• Work order:
In the records below, find the line with "All right, so", then copy each line exactly until you have copied the line with "So that's how". Leave any picture out.

• The data:
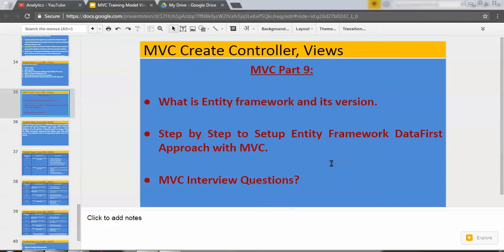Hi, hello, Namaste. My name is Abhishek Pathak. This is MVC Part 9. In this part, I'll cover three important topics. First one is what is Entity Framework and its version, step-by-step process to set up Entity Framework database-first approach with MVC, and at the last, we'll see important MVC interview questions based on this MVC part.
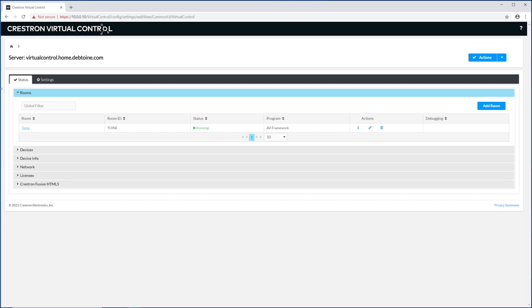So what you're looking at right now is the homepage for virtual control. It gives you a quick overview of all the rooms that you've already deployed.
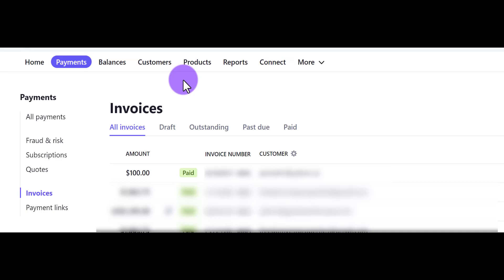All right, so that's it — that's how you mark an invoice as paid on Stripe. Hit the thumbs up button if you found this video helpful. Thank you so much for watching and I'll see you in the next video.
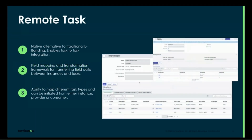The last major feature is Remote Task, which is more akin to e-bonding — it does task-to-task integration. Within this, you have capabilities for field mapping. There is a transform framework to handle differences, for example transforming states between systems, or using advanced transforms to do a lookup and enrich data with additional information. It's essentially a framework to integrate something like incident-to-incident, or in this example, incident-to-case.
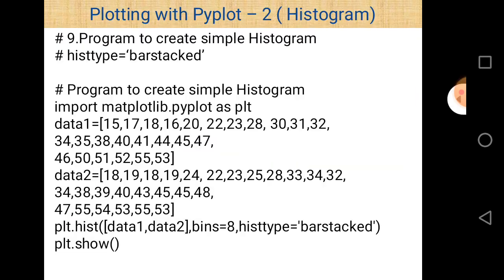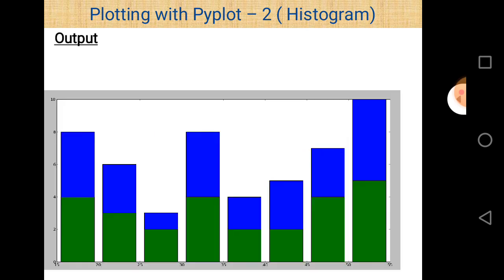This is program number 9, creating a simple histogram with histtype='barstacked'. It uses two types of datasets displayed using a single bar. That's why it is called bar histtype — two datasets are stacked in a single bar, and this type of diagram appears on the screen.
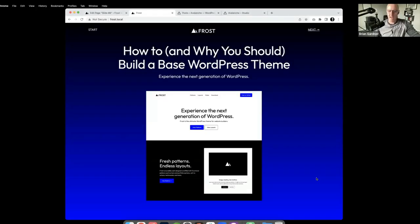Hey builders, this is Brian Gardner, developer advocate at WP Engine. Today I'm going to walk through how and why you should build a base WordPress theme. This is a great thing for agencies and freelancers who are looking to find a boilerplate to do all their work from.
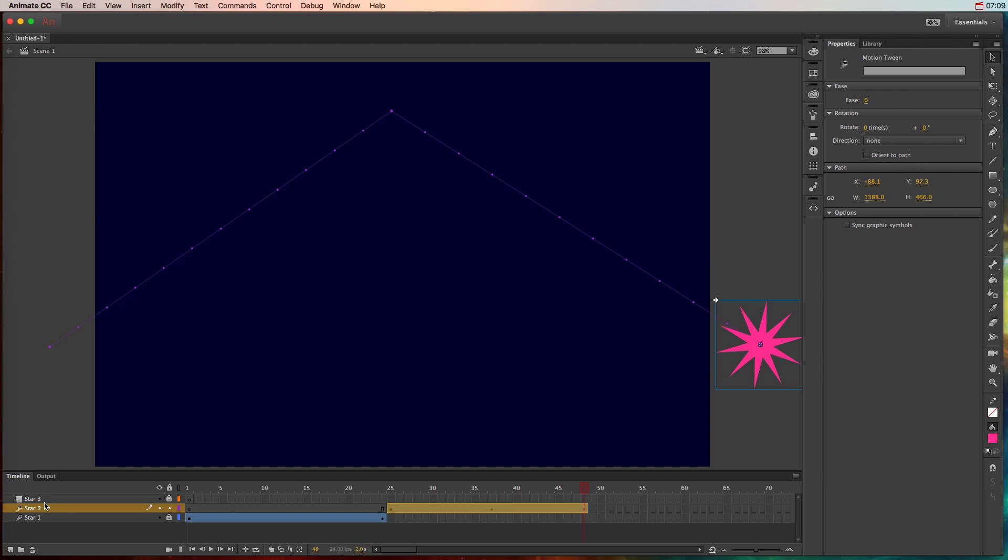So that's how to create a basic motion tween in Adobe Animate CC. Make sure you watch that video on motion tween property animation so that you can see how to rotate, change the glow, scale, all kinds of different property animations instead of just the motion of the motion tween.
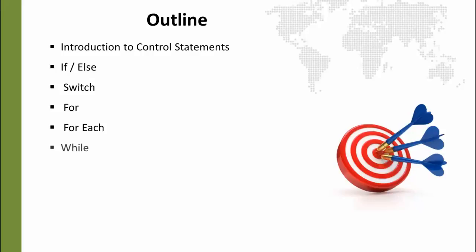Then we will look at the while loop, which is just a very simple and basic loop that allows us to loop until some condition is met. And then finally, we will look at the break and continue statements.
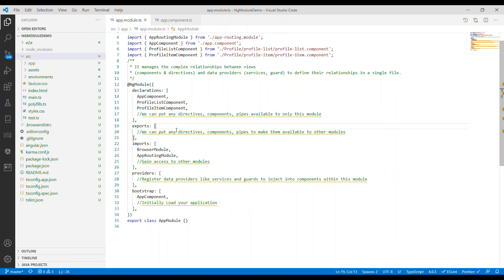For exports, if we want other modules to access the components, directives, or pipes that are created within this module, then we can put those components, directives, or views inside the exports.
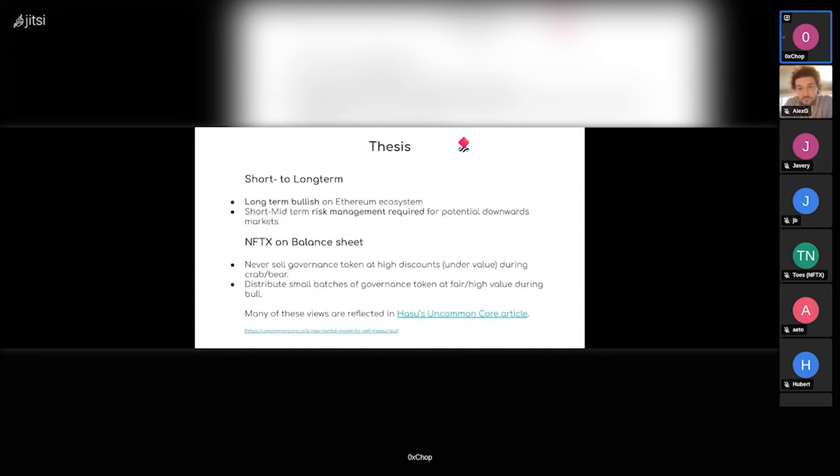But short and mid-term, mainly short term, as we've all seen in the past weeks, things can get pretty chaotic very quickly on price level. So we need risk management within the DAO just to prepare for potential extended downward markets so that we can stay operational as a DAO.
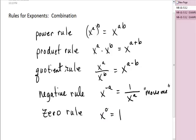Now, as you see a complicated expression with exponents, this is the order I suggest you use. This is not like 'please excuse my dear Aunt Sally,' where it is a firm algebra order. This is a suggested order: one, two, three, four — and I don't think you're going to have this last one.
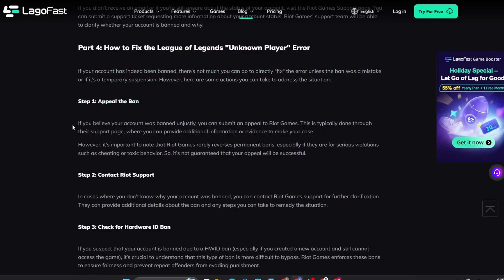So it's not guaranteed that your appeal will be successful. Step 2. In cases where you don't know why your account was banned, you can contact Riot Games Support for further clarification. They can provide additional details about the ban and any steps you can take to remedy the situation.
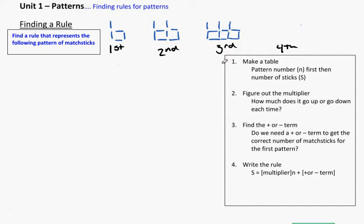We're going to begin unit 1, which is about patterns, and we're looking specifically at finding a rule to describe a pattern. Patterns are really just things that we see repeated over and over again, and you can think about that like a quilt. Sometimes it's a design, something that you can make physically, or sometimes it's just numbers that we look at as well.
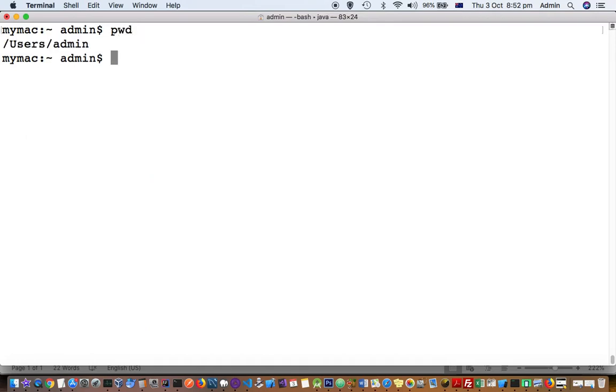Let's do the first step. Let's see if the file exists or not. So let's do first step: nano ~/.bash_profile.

• Exercise solution:
All right, so that's it — that's how you mark an invoice as paid on Stripe. Hit the thumbs up button if you found this video helpful. Thank you so much for watching and I'll see you in the next video.
The last major feature is Remote Task, which is more akin to e-bonding — it does task-to-task integration. Within this, you have capabilities for field mapping. There is a transform framework to handle differences, for example transforming states between systems, or using advanced transforms to do a lookup and enrich data with additional information. It's essentially a framework to integrate something like incident-to-incident, or in this example, incident-to-case.
This is program number 9, creating a simple histogram with histtype='barstacked'. It uses two types of datasets displayed using a single bar. That's why it is called bar histtype — two datasets are stacked in a single bar, and this type of diagram appears on the screen.
Hey builders, this is Brian Gardner, developer advocate at WP Engine. Today I'm going to walk through how and why you should build a base WordPress theme. This is a great thing for agencies and freelancers who are looking to find a boilerplate to do all their work from.
So that's how to create a basic motion tween in Adobe Animate CC. Make sure you watch that video on motion tween property animation so that you can see how to rotate, change the glow, scale, all kinds of different property animations instead of just the motion of the motion tween.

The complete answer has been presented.